Whatever she is she is ridiculously cute!


----------



## CLaPorte432 (Jan 3, 2012)

I'm between roan and black sabino...With a very expressive sabino gene.
_Posted via Mobile Device_


----------



## paintedpastures (Jun 21, 2011)

What breed & color were parents that will tell alot. If Grey or roan 1 parent would have to be:wink:.


----------



## lilruffian (Jun 28, 2010)

I almost want to say Sabino as well but possibly roan or even a combination of the two! Definitely not grey though


----------



## Cherie (Dec 16, 2010)

I would go by the tail. A roan will have a black tail -- all the way to the bottom. The first photo looks a lot like the tail has dirty white in it. If it does, the horse is turning gray slowly.


----------



## lilruffian (Jun 28, 2010)

Cherie said:


> I would go by the tail. A roan will have a black tail -- all the way to the bottom. The first photo looks a lot like the tail has dirty white in it. *If it does, the horse is turning gray slowly*.


 Not necessarily. Sabino will cause this as well


----------



## Chiilaa (Aug 12, 2010)

The ends of the tail actually look bleached to me rather than grey. I don't see grey at all - I would expect some sort of indication on the face by this stage, and there is absolutely nothing there. I suspect she is sabino and maybe rabicano as well. You can see that there are some actual belly spots there as well as the ticking.


----------



## lilruffian (Jun 28, 2010)

Does she by chance have Clydesdale in her?


----------



## Peppy Barrel Racing (Aug 16, 2011)

I suspect sabino as well not true roan or gray.
_Posted via Mobile Device_


----------



## smrobs (Jul 30, 2008)

How old is this horse? If she's older than 5, then gray would have definitely made an obvious appearance by this point.

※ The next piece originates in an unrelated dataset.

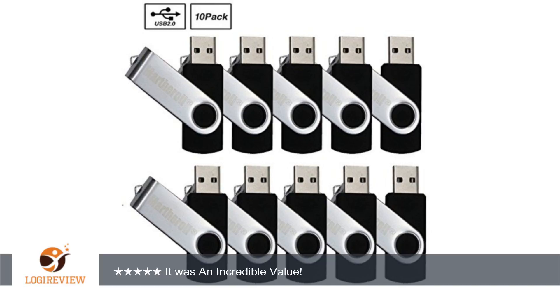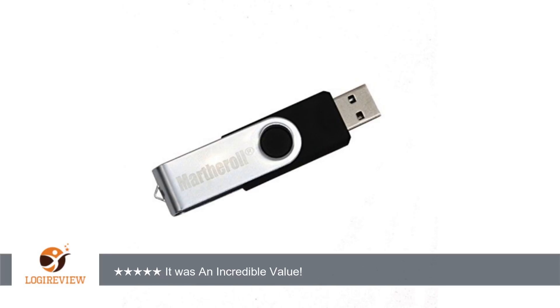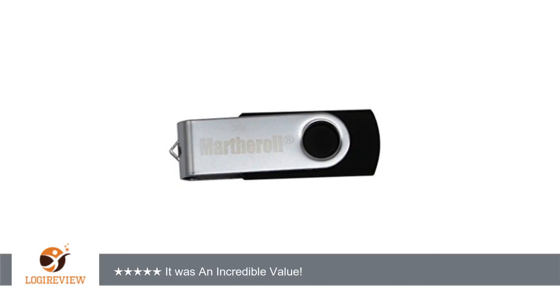I got this 16GB flash drive because I thought it was an incredible value. The opinions of this review are my experience expressed in my own words. Positive aspects: high quality — the quality of the pin drive is greater than I expected. Plug and play, it instantly worked the moment I inserted the drive into the laptop.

I agree with the concensus that she's either classic roan or expressing sabino roan or maybe a combination of both. The only way to say for certain which it was would be to have her color tested. But, if you don't want to bother with that, you can just call her a blue roan and you would be technically correct.

She's a pretty girl.


----------



## JetdecksComet (Jun 11, 2013)

I agree with the sabino and/or rabicano theories.


----------



## wakiya (Feb 7, 2009)

She looks a lot like Coronado's dam who is a smoky black sabino with no roan:










That's not to say your mare couldn't be roan as well, but sabino is DEFINITELY present.


----------



## MaryLoouise (Apr 9, 2014)

Thanks for all the replies! The old owners didn't know a lot about horses the only thing they knew was she was a mustang pony mix if that helps any
_Posted via Mobile Device_


----------



## MaryLoouise (Apr 9, 2014)

smrobs said:


> How old is this horse? If she's older than 5, then gray would have definitely made an obvious appearance by this point.
> 
> I agree with the concensus that she's either classic roan or expressing sabino roan or maybe a combination of both. The only way to say for certain which it was would be to have her color tested. But, if you don't want to bother with that, you can just call her a blue roan and you would be technically correct.
> 
> She's a pretty girl.


Thank you!! She is 6 years old, I'm not too filmilar with greys so I don't know how to tell, is there certain areas that lighten with age?
_Posted via Mobile Device_


----------



## MaryLoouise (Apr 9, 2014)

wakiya said:


> She looks a lot like Coronado's dam who is a smoky black sabino with no roan:
> 
> 
> 
> ...


I would say that is her coloring, she does sometimes have the hues of brown in her coat and tail. I've never heard of a black sabino before thank you!
_Posted via Mobile Device_


----------



## MaryLoouise (Apr 9, 2014)

MyBoySi said:


> I would say roan because of her darker head and legs but I really have no idea lol. Experts will chime in soon I'm sure.
> 
> Whatever she is she is ridiculously cute!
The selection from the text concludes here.